DATA SHOWN:
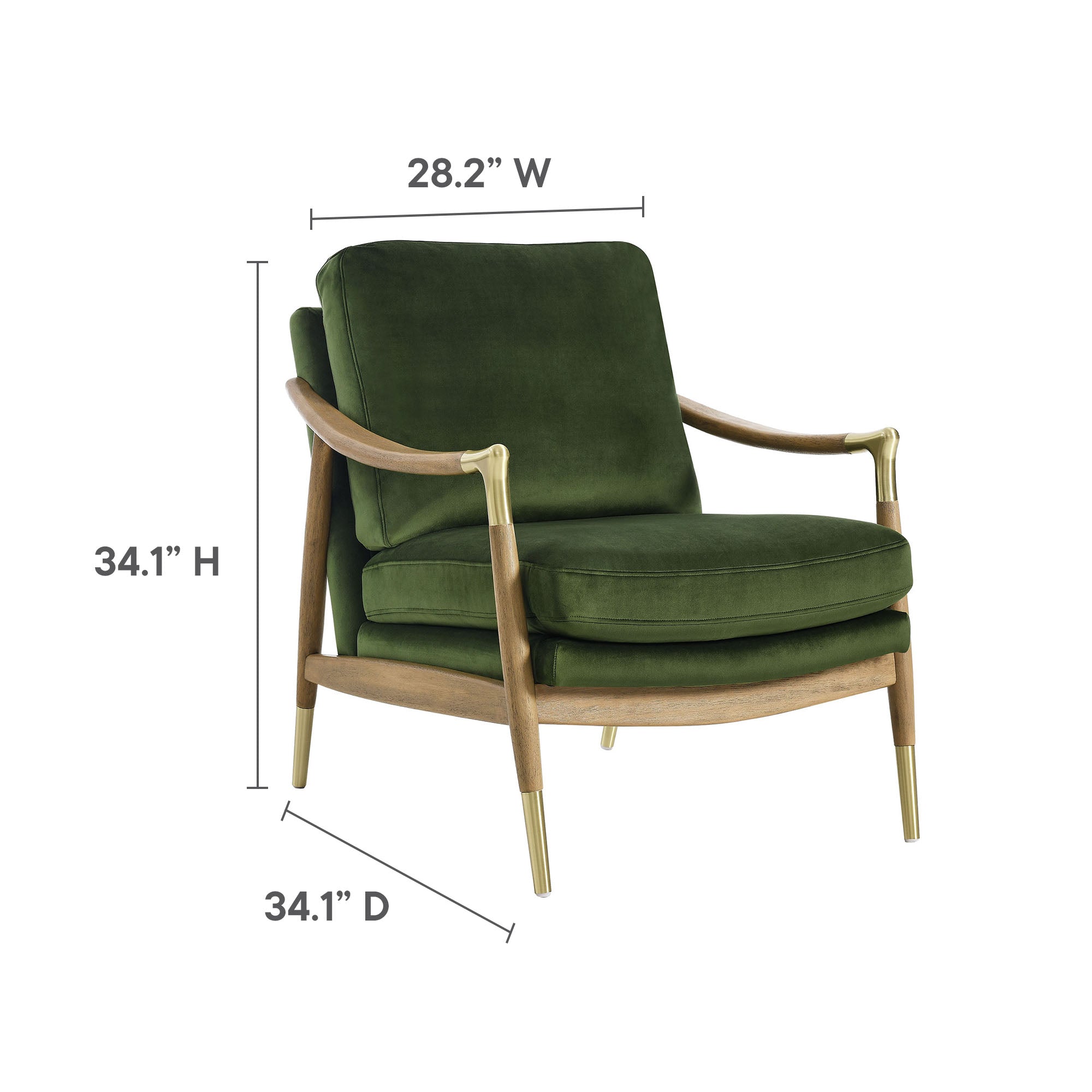 Langford Performance Velvet Accent Armchair with Brass Accents – Mid-Century Modern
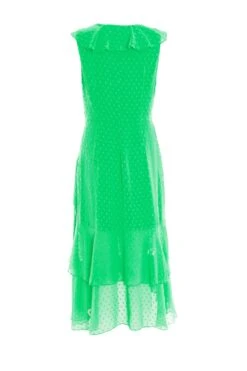 Green Chiffon Dobby Wrap Midi Dress -Chic Summer Shop 00100037558 ZB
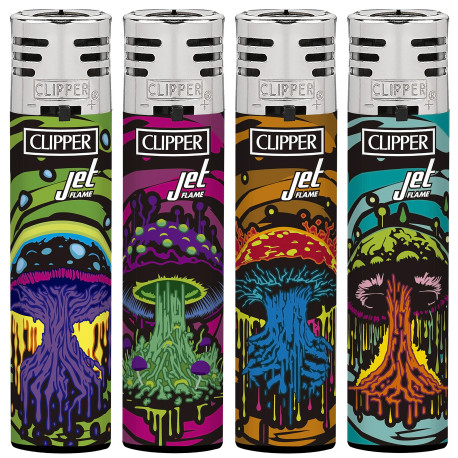 4T. Clipper «DARK MUSHROOMS» Expositor con 48 encendedores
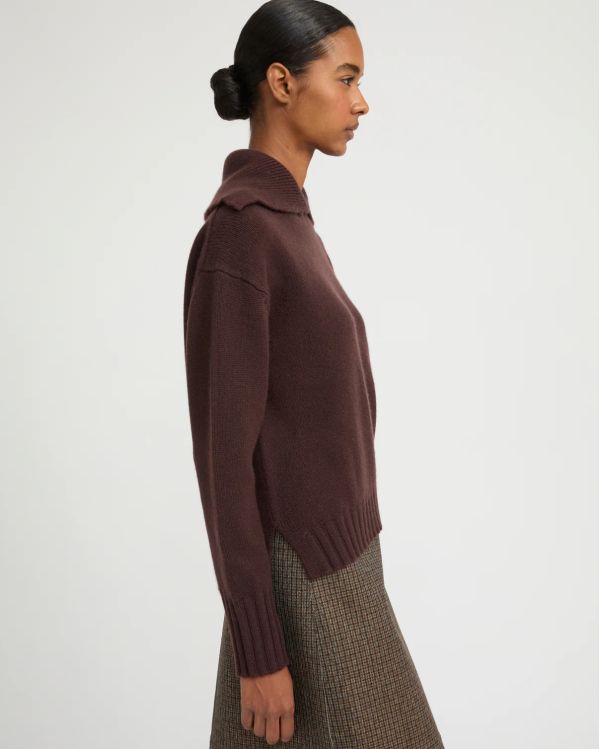 PULL À COL EN MAILLE CACHEMIRE MARRON FONCÉ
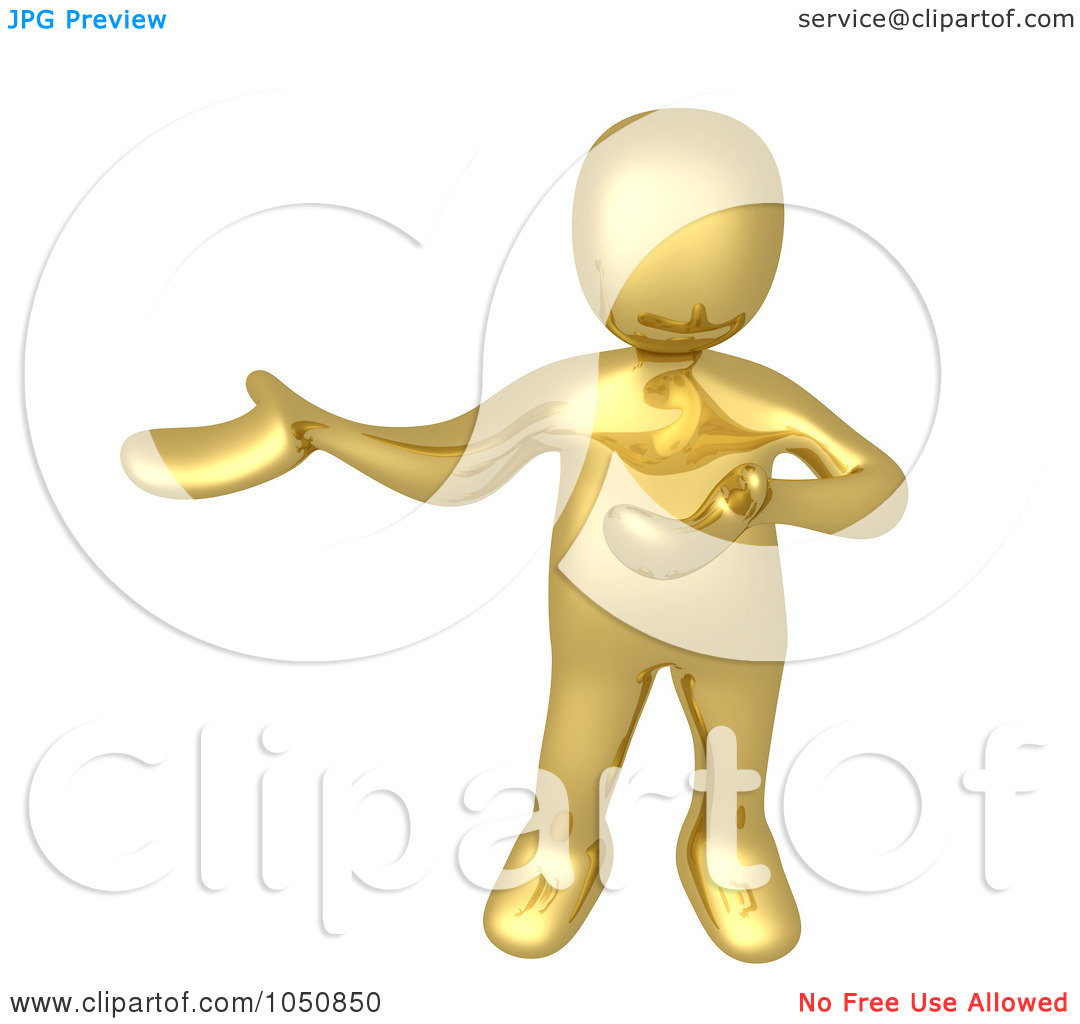 Rf  Clip Art Illustration Of A 3d Gold Man Presenting By 3pod  1050850
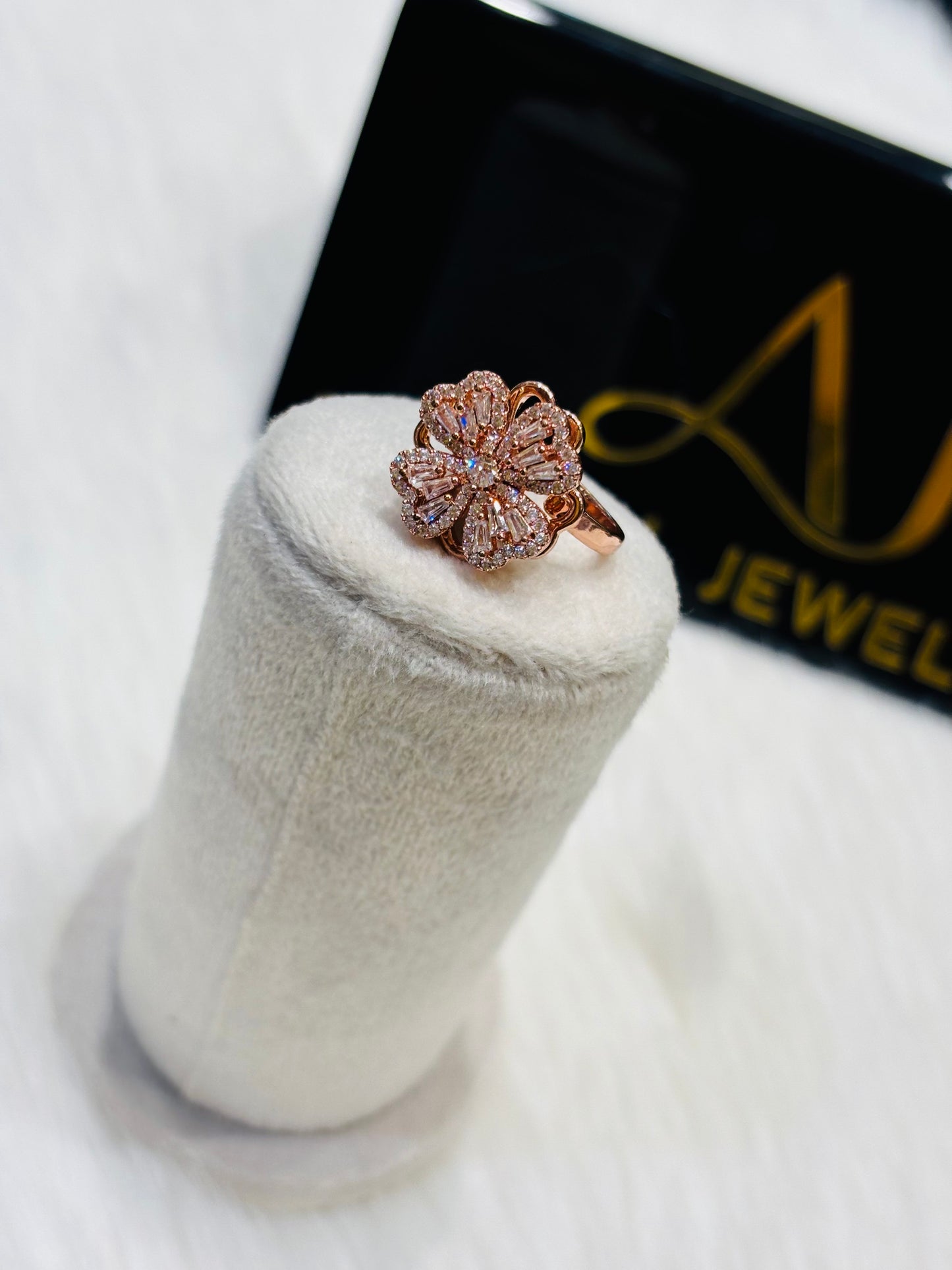 Premium anti tarnish spinning rose gold adjustable statement rings product code R12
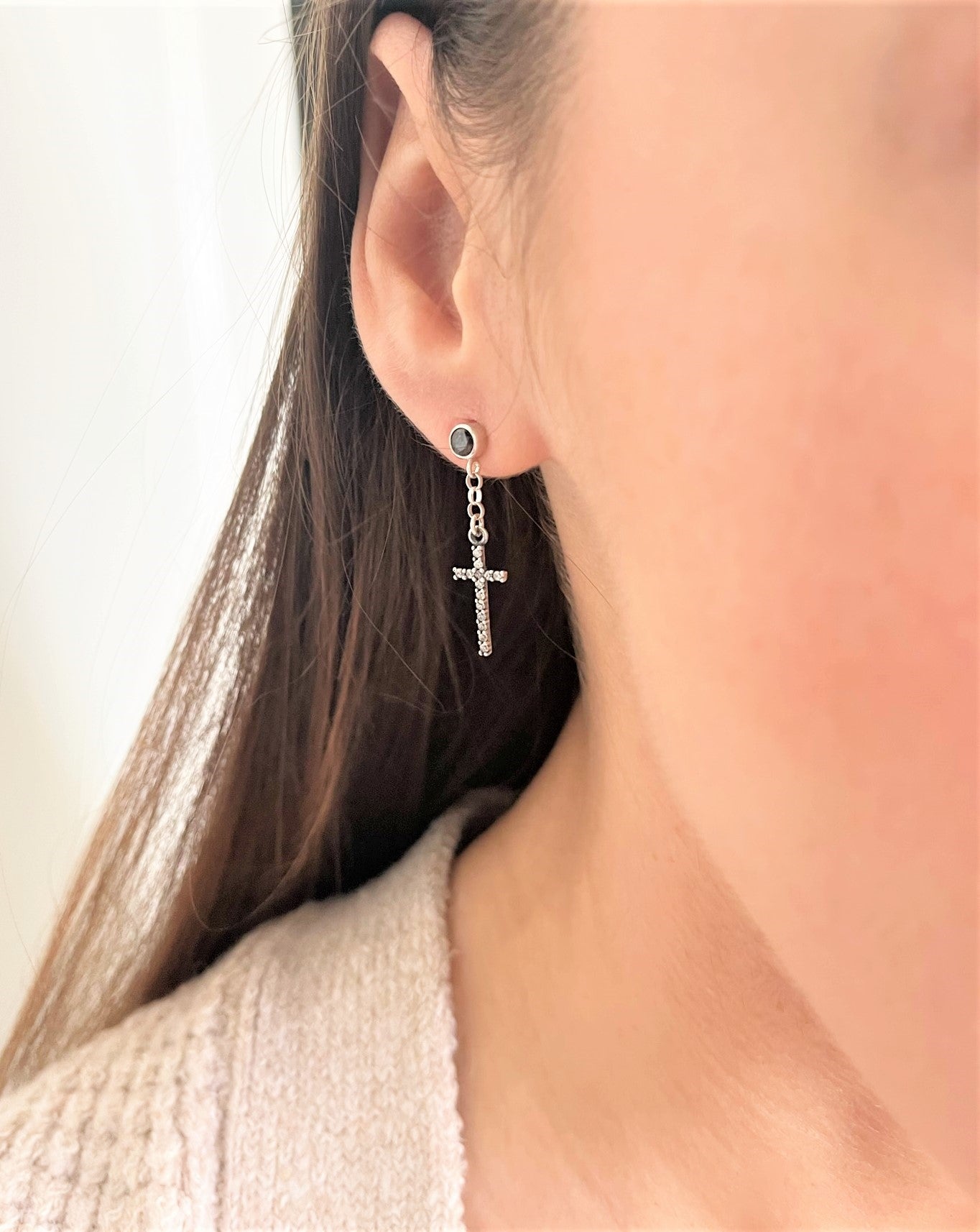 Black Cubic Zirconia Diamond Stud Earrings With Dangle Cross - LeSilveStone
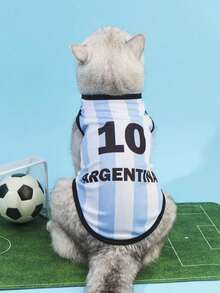 PETSIN 1pc Blue And White Striped Black Alphanumeric 10 Printed Pet Vest, Gentle And Breathable, Protective Against Shedding Hair, Mixed Color Pet Clothing - Multicolor - View 3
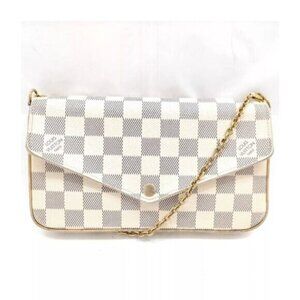 Authentic Louis Vuitton Favorite Damier Azur Crossbody Bag/LV Chain Shoulder Bag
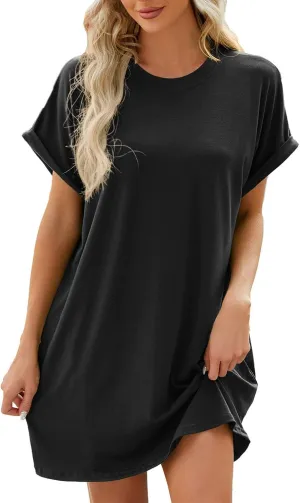 JJHAEVDY Summer Dresses for Women 2025 Short Sleeve Crewneck T-Shirt Dress Solid Color Loose Dresses Basic Short Dress Pajama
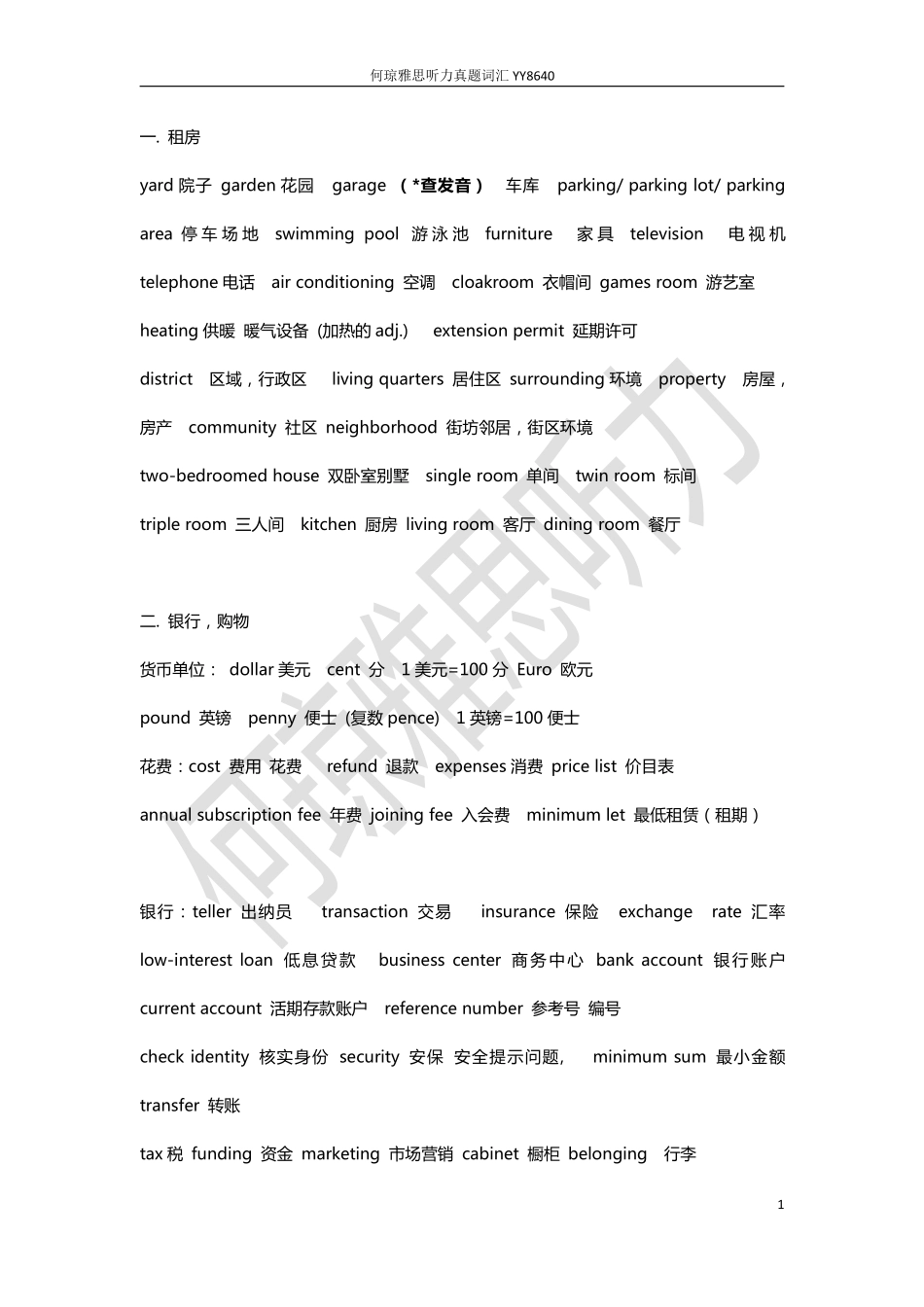 何琼雅思听力真题词汇_decrypted_第1页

TASK GOAL:
Set the pictures aside and transcribe the data above exactly.

EXPECTED OUTPUT:
 Langford Performance Velvet Accent Armchair with Brass Accents – Mid-Century Modern
 Green Chiffon Dobby Wrap Midi Dress -Chic Summer Shop 00100037558 ZB
 4T. Clipper «DARK MUSHROOMS» Expositor con 48 encendedores
 PULL À COL EN MAILLE CACHEMIRE MARRON FONCÉ
 Rf  Clip Art Illustration Of A 3d Gold Man Presenting By 3pod  1050850
 Premium anti tarnish spinning rose gold adjustable statement rings product code R12
 Black Cubic Zirconia Diamond Stud Earrings With Dangle Cross - LeSilveStone
 PETSIN 1pc Blue And White Striped Black Alphanumeric 10 Printed Pet Vest, Gentle And Breathable, Protective Against Shedding Hair, Mixed Color Pet Clothing - Multicolor - View 3
 Authentic Louis Vuitton Favorite Damier Azur Crossbody Bag/LV Chain Shoulder Bag
 JJHAEVDY Summer Dresses for Women 2025 Short Sleeve Crewneck T-Shirt Dress Solid Color Loose Dresses Basic Short Dress Pajama
 何琼雅思听力真题词汇_decrypted_第1页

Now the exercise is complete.